#### Task input
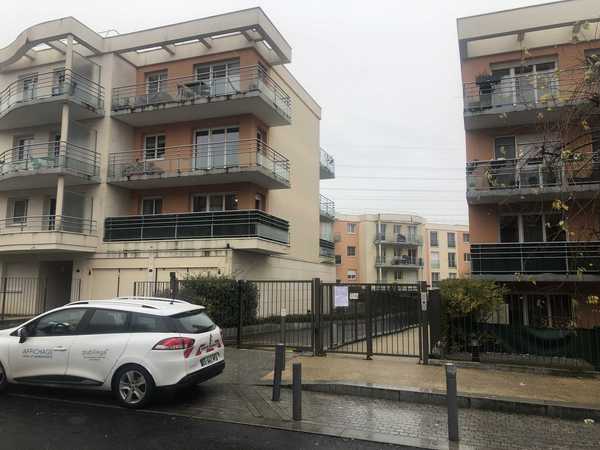 UN APPARTEMENT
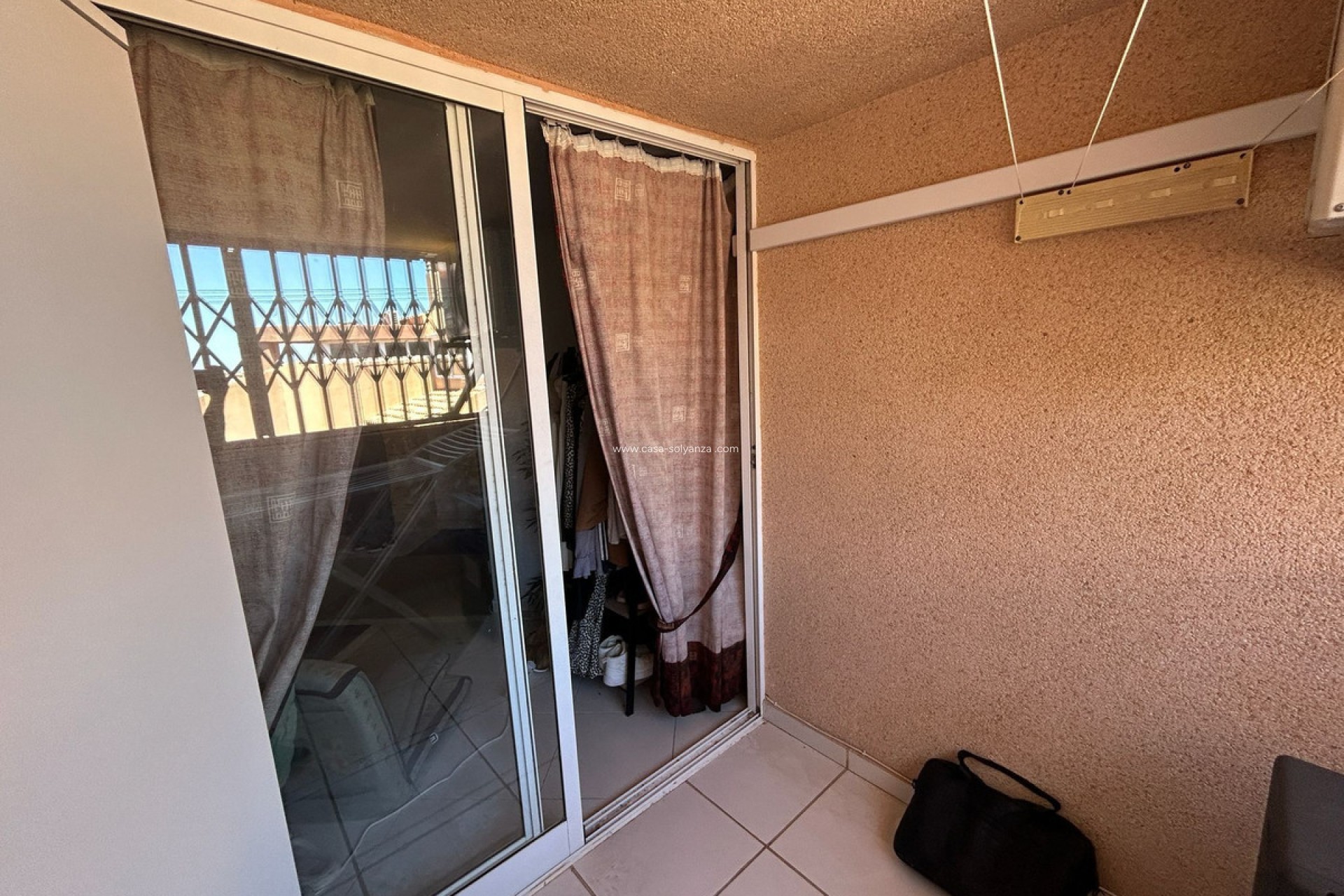 Resale - Apartment / flat - Torrevieja - Torrevieja Centro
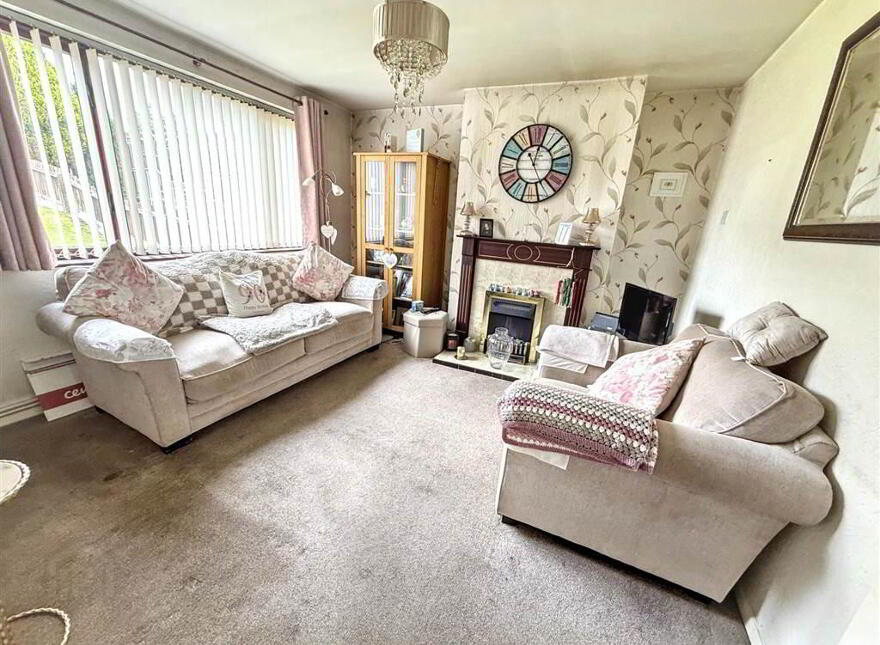 12 Nicholson Gardens, Lisburn, BT28 1YW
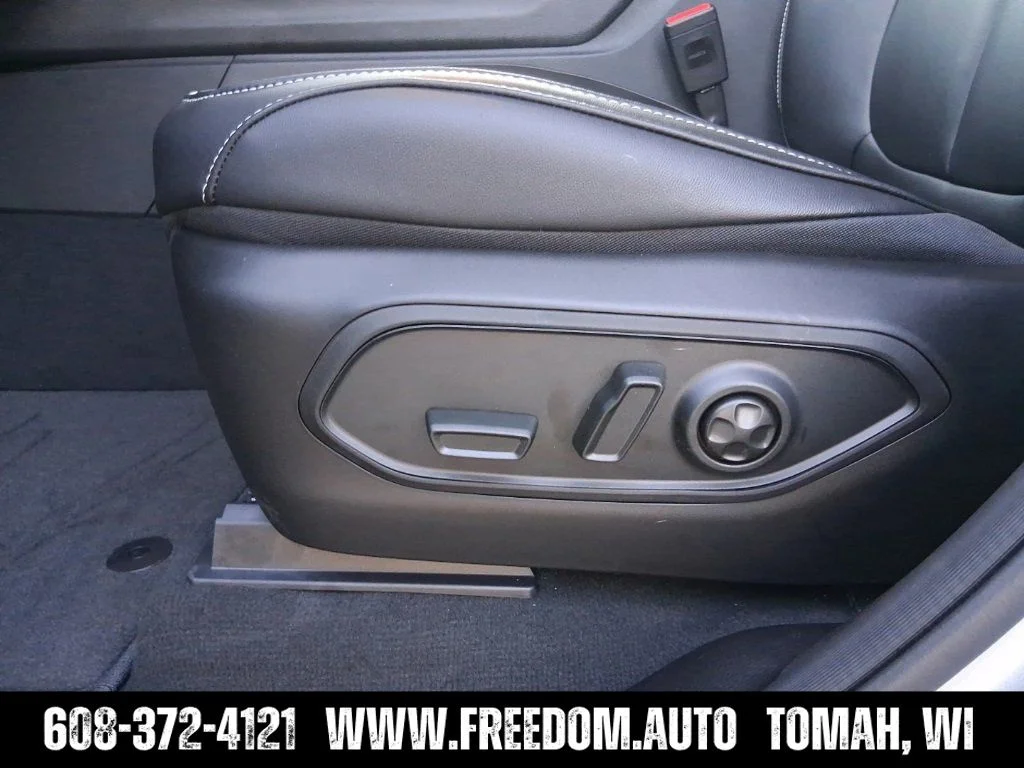 Used 2025 Silver Zynith Jeep Limited image 16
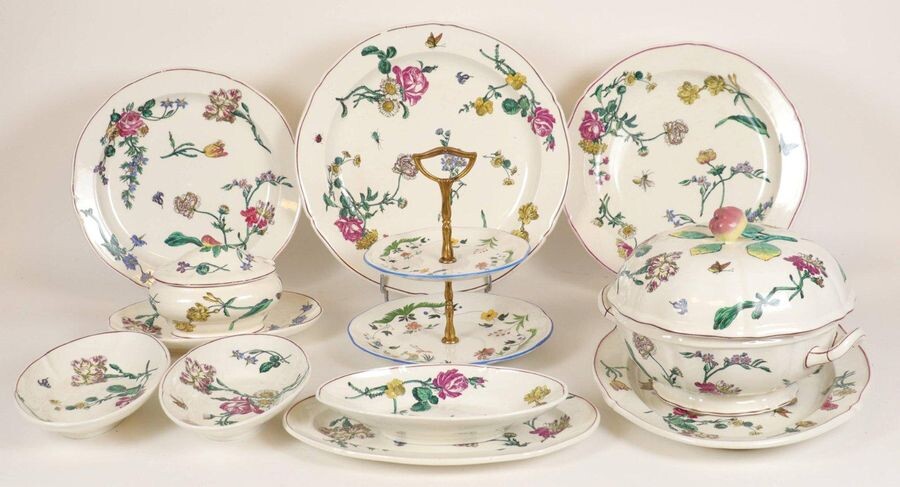 Gien earthenware dinner service part comprising: 1 tureen, 3 round dishes, 2 oval dishes, 3 bowls, 1 sauce boat and 1 display stand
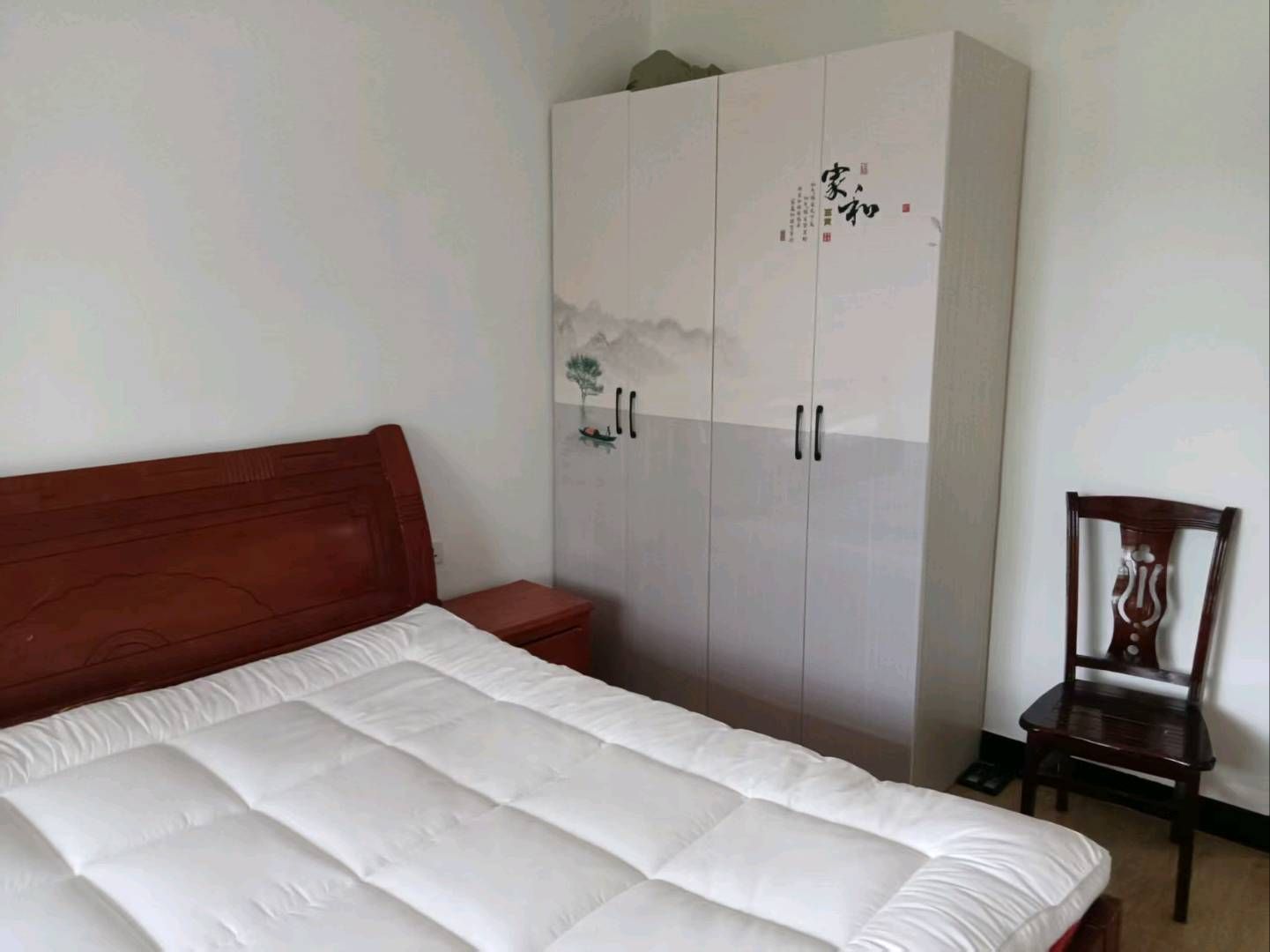 下庄小区·二楼·四室两厅·干净整洁·可住可办公·出租1200/月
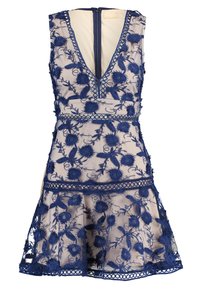 Marinblå broderad klänning med djup V-ringning, blommönster och utsvängd kjol. Har dragkedja i ryggen. Lättviktsmaterial.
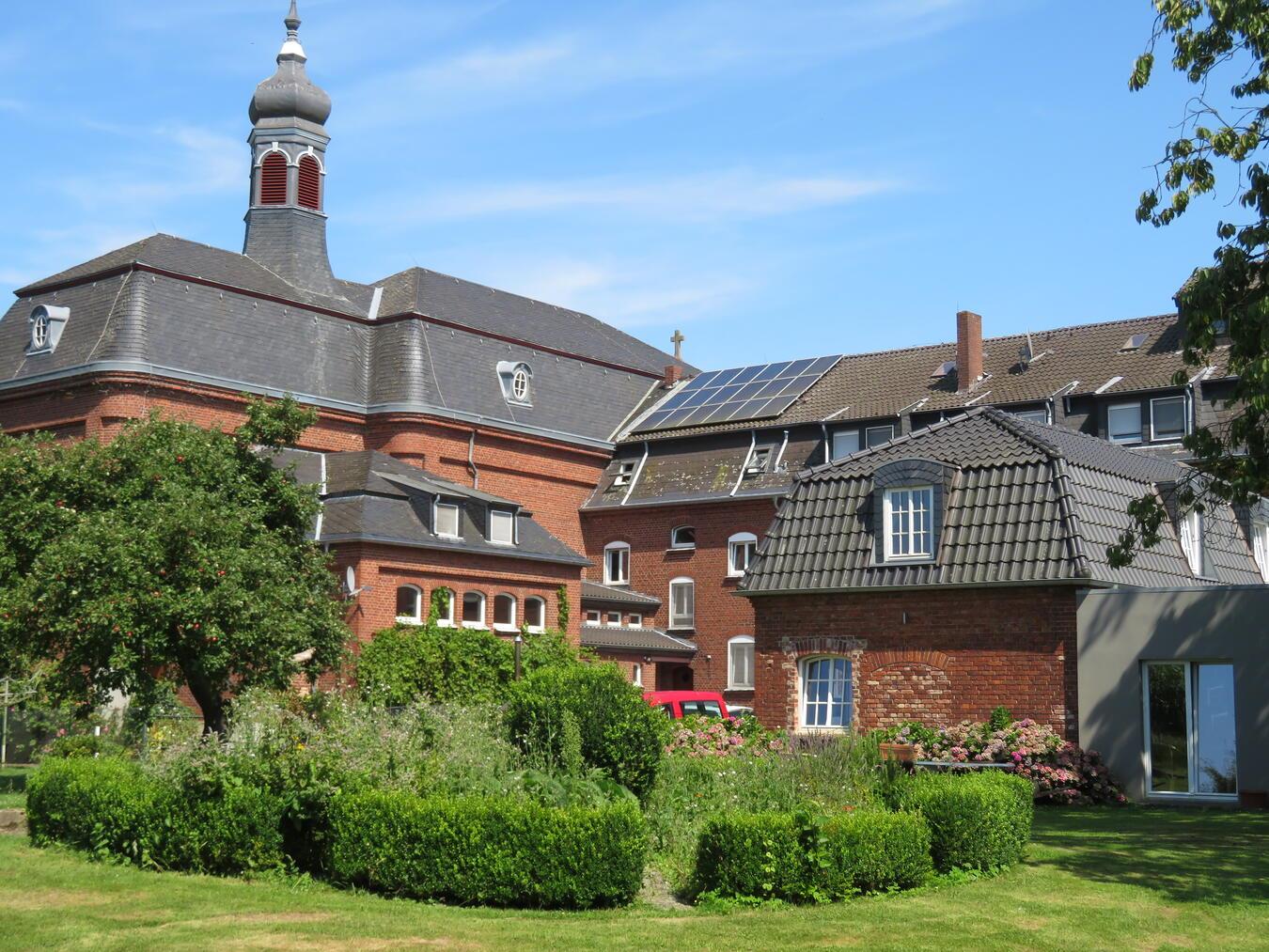 Sommerfest im Kloster Mörmter Das Kloster Mörmter in Xanten. Foto: privat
########
### Action item
Would you please copy, exactly and only, the lines from the one with "下庄小区·二楼·四室两厅·干净整洁·可住可办公·出租1200/月" through the end of the entries above, skipping every picture?

### Answer space
 下庄小区·二楼·四室两厅·干净整洁·可住可办公·出租1200/月
 Marinblå broderad klänning med djup V-ringning, blommönster och utsvängd kjol. Har dragkedja i ryggen. Lättviktsmaterial.
 Sommerfest im Kloster Mörmter Das Kloster Mörmter in Xanten. Foto: privat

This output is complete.